Find consecutive sequences based on Boolean array

I'm trying to extract sequences from an array b for which a boolean array a is used as index (len(a) >= len(b), but (a==True).sum() == len(b), i.e. there are only as many values true in a than there are elements in b). The sequences should be represented in the result as start and end index of a where a[i] is true and for which there are consecutive values.
For instance, for the following arrays of a and b
a = np.asarray([True, True, False, False, False, True, True, True, False])
b = [1, 2, 3, 4, 5]
the result should be [((0, 1), [1, 2]), ((5, 7), [3, 4, 5])], so as many elements in the array as there are true-sequences. Each true sequence should contain the start and end index from a and the values these relate to from b).
So for the above:
[
((0, 1), [1, 2]), # first true sequence: starting at index=0 (in a), ending at index=1, mapping to the values [1, 2] in b
((5, 7), [3, 4, 5]) # second true sequence: starting at index=5, ending at index=7, with values in b=[3, 4, 5]
]
How can this be done efficiently in numpy?
Here's one NumPy based one inspired by this post -
def func1(a,b):
# "Enclose" mask with sentients to catch shifts later on
mask = np.r_[False,a,False]
# Get the shifting indices
idx = np.flatnonzero(mask[1:] != mask[:-1])

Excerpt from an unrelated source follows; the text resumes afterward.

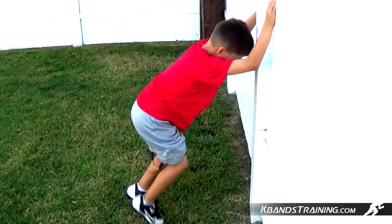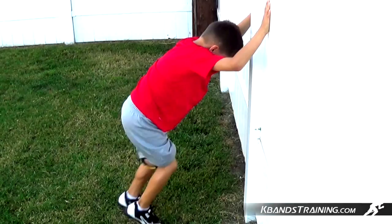Hi, my name is Trevor Tysman from K-BandsTraining.com, and today we're going to be looking at our most popular drill, the K-Bands wall drill. The wall drill is a great way to build hip flexor strength as well as power off the ground, developing linear speed.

s0,s1 = idx[::2], idx[1::2]
idx_b = np.r_[0,(s1-s0).cumsum()]
out = []
for (i,j,k,l) in zip(s0,s1-1,idx_b[:-1],idx_b[1:]):
out.append(((i, j), b[k:l]))
return out
Sample run -
In [104]: a
Out[104]: array([ True, True, False, False, False, True, True, True, False])
In [105]: b
Out[105]: [1, 2, 3, 4, 5]
In [106]: func1(a,b)
Out[106]: [((0, 1), [1, 2]), ((5, 7), [3, 4, 5])]
Timings -
In [156]: # Using given sample data and tiling it 1000x
...: a = np.asarray([True, True, False, False, False, True, True, True, False])
...: b = [1, 2, 3, 4, 5]
...: a = np.tile(a,1000)
...: b = np.tile(b,1000)
# #Chris's soln
In [157]: %%timeit
...: res = []
...: gen = (i for i in b)
...: for k, g in itertools.groupby(enumerate(a), lambda x:x[1]):
...: if k:
...: ind, bools = list(zip(*g))
...: res.append((ind[0::len(ind)-1], list(itertools.islice(gen, len(bools)))))

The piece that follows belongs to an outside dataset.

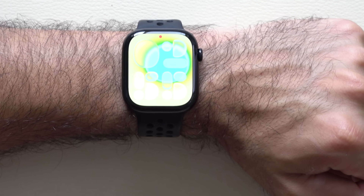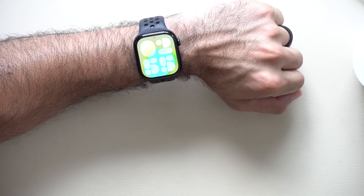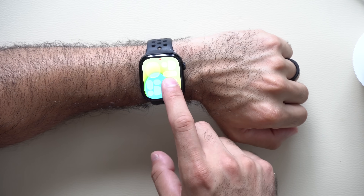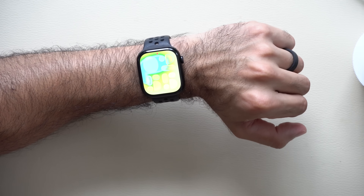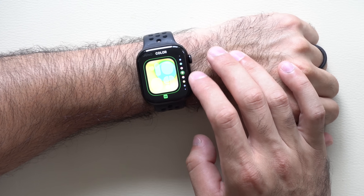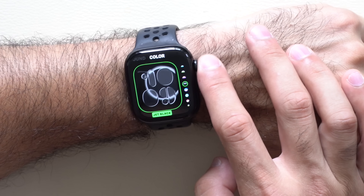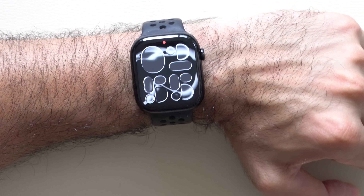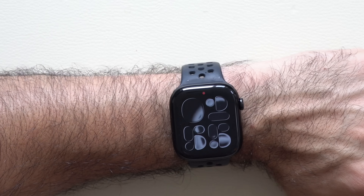Flow is the favorite watch face here — think of it like a lava lamp, as it moves based on the rotation of your wrist. Long pressing and going into color settings, you can change to a darker color where you can better see how the liquid actually moves.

100 loops, best of 3: 13.8 ms per loop
In [158]: %timeit func1(a,b)
1000 loops, best of 3: 1.29 ms per loop
Using itertools.groupby and itertools.islice:
import itertools
res = []
gen = (i for i in b)
for k, g in itertools.groupby(enumerate(a), lambda x:x[1]):
if k:
ind, bools = list(zip(*g))
res.append((ind[0::len(ind)-1], list(itertools.islice(gen, len(bools)))))
Output
[((0, 1), [1, 2]), ((5, 7), [3, 4, 5])]
Insights:
itertools.groupby returns grouped object of Trues and Falses.
list[0::len(list)-1] returns first and last element of list.
Since b always have a same number of Trues, make b a generator and grab as many elements as there are Trues.
Time taken:
def itertool_version():
res = []
gen = (i for i in b)
for k, g in itertools.groupby(enumerate(a), lambda x:x[1]):
if k:
ind, bools = list(zip(*g))
res.append((ind[0::len(ind)-1], list(itertools.islice(gen, len(bools)))))
return res
%timeit itertool()
7.11 µs ± 313 ns per loop (mean ± std. dev. of 7 runs, 100000 loops each)
I don't know about a solution using numpy, but maybe the following for-loop solution will help you (or others) finding a different, more efficient solution:
import numpy as np
a = np.asarray([True, True, False, False, False, True, True, True, False])
b = []
temp_list = []
count = 0
for val in a:
if (val):
count += 1
temp_list.append(count) if len(temp_list) == 0 else None # Only add the first 'True' value in a sequence
# Code only reached if val is not true > append b if temp_list has more than 1 entry
elif (len(temp_list) > 0):
temp_list.append(count) # Add the last true value in a sequence
b.append(temp_list)
temp_list = []
print(b)
>>> [[1, 2], [3, 5]]
Here is my two cents. Hope it helps. [EDITED]
# Get Data
a = np.asarray([True, True, False, False, False, True, True, True, False])
b = [1, 2, 3, 4, 5]
# Assign Index names
ac = ac.astype(float)
ac[ac==1] = b
# Select edges
ac[(np.roll(ac, 1) != 0) & (np.roll(ac, -1) != 0)] = 0 # Clear out intermediates
indices = ac[ac != 0] # Select only edges
indices.reshape(2, int(indices.shape[0]/2)) # group in pairs
Output
>> [[1, 2], [3, 5]]
Solution uses a method where() from numpy:
result = []
f = np.where(a)[0]
m = 1
for j in list(create(f)):
lo = j[1]-j[0]+1
result.append((j, [*range(m, m + lo)]))
m += lo
print(result)
#OUTPUT: [((0, 1), [1, 2]), ((5, 7), [3, 4, 5])]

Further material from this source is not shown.